OSLO – The Norsk Kazakh Kultur Centre in Norway started 2016 with a very interesting acquaintance. We met Madina Karsakpayeva in her student dormitory room over steaming hot tea with shelpek and khvorost in the beginning of January. She came to Oslo to study under the Erasmus Mundus programme.
Her mother has accompanied her since Karsakpayeva has a disability. She was born with cerebral palsy and hydrocephalus, a medical condition in which there is an abnormal accumulation of fluid in the brain… The doctors gave her two months to live at that time. Now she is 28 and has been living a happy life.
As she talked about herself during that evening, we could not believe that despite all of the harshness, obstacles and lack of suitable infrastructure around her back then in Almaty, she found the will and energy to fight back to have equal rights and to be accepted and integrated in the society. As she said, it was all due to the love and belief from her family.
Karsakpayeva took primary school lessons at home, later graduated from the Kazakh State University of Foreign Languages with excellent grades. Being able to converse in English helped her immensely, as she could step out of her room and explore the huge world out there on the Internet. She found about different international scholarship programmes. She applied to many, but was chosen only for one, the Fullbright programme in the U.S. She felt as if she had wings to fly, she said, since she could not walk or run when she knew that she won it.

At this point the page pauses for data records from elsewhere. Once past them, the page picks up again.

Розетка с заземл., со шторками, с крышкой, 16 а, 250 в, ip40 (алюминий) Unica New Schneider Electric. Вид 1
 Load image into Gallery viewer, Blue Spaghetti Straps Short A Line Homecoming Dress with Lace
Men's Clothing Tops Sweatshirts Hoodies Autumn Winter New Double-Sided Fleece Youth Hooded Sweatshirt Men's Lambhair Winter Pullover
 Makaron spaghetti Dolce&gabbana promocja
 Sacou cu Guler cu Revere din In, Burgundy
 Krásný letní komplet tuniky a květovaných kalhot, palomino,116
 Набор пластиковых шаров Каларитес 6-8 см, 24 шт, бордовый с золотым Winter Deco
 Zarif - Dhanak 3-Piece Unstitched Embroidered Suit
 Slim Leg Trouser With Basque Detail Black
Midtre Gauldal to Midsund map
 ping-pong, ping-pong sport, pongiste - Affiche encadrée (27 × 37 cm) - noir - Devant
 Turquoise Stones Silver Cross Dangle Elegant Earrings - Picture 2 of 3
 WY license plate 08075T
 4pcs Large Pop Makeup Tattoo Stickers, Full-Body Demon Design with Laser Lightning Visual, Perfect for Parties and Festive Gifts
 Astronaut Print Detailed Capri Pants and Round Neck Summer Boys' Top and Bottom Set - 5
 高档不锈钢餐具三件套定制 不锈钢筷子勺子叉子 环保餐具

“Coming to the U.S. exposed me to a completely new culture of acceptance, respect and equality that I never anticipated. I have enjoyed wide acceptance as an academic where people overlook my wheelchair and focus on including me whenever possible. I have learned about policies that I can take back to my country (such as the Americans with Disabilities Act and the concept of inclusion) that can influence policy and remove barriers that others like I still face in Kazakhstan,” she said.
We asked her what motivates her every day. She answered that what she dared to do, makes all the difference in what she could count as her life’s achievements. “I now set goals for every day and with confidence that I have much to contribute to my country and its citizens. I wish that my example will inspire others toward bigger dreams and greater persistence,” she concluded.
Karsakpayeva’s mother recently went back to Almaty, where she teaches Kazakh at a Russian-language school, but she plans to come back to Europe in March. This time, she will go to Prague where Karsakpayeva will continue her Erasmus Mundus programme.
The author is a member of the Norsk Kazakh Kultur Centre in Norway.